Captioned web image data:

------------------------

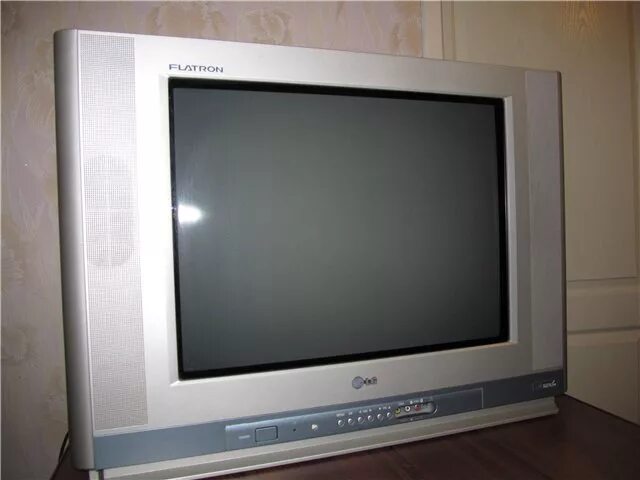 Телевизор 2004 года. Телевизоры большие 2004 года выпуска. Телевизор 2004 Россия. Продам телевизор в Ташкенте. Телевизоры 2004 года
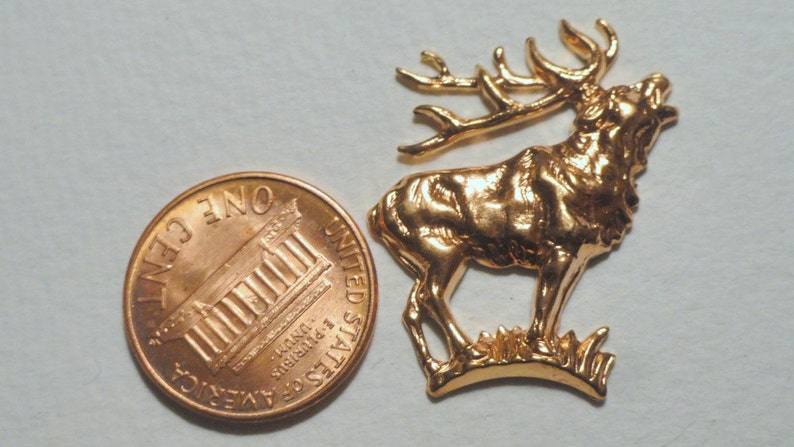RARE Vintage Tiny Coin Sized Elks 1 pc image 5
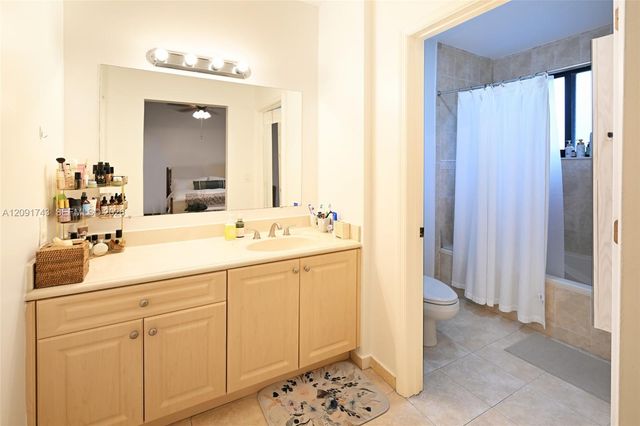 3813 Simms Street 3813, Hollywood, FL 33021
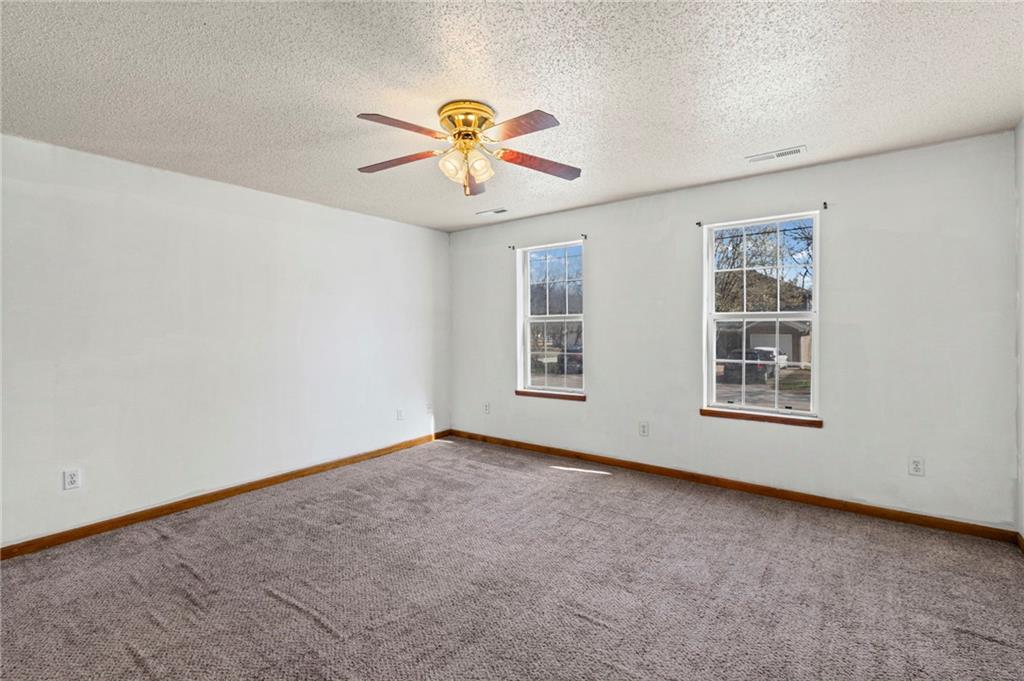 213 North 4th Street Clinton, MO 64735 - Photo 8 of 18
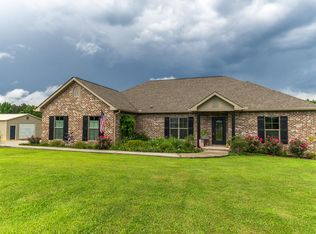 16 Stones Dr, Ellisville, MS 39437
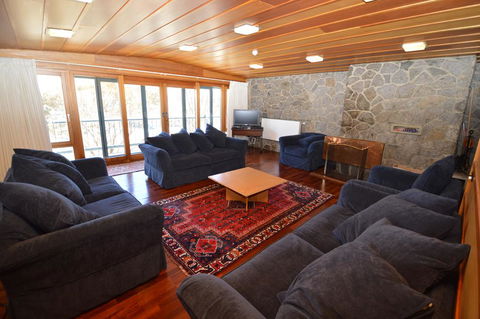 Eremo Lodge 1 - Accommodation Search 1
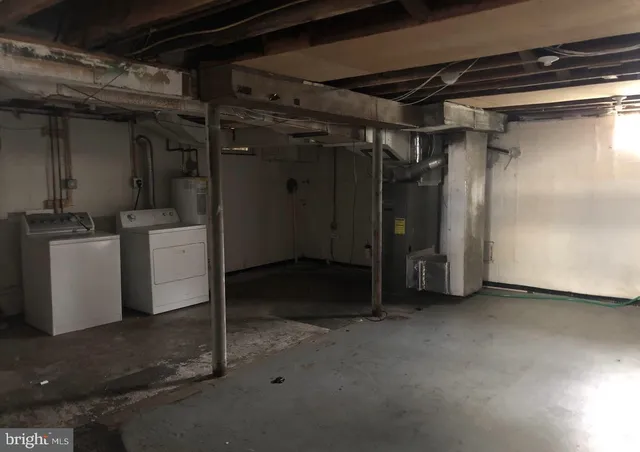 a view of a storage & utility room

------------------------

## TASK STATEMENT
Please return the records as they stand, word for word, with no pictures.

## YOUR RESPONSE
 Телевизор 2004 года. Телевизоры большие 2004 года выпуска. Телевизор 2004 Россия. Продам телевизор в Ташкенте. Телевизоры 2004 года
RARE Vintage Tiny Coin Sized Elks 1 pc image 5
 3813 Simms Street 3813, Hollywood, FL 33021
 213 North 4th Street Clinton, MO 64735 - Photo 8 of 18
 16 Stones Dr, Ellisville, MS 39437
 Eremo Lodge 1 - Accommodation Search 1
 a view of a storage & utility room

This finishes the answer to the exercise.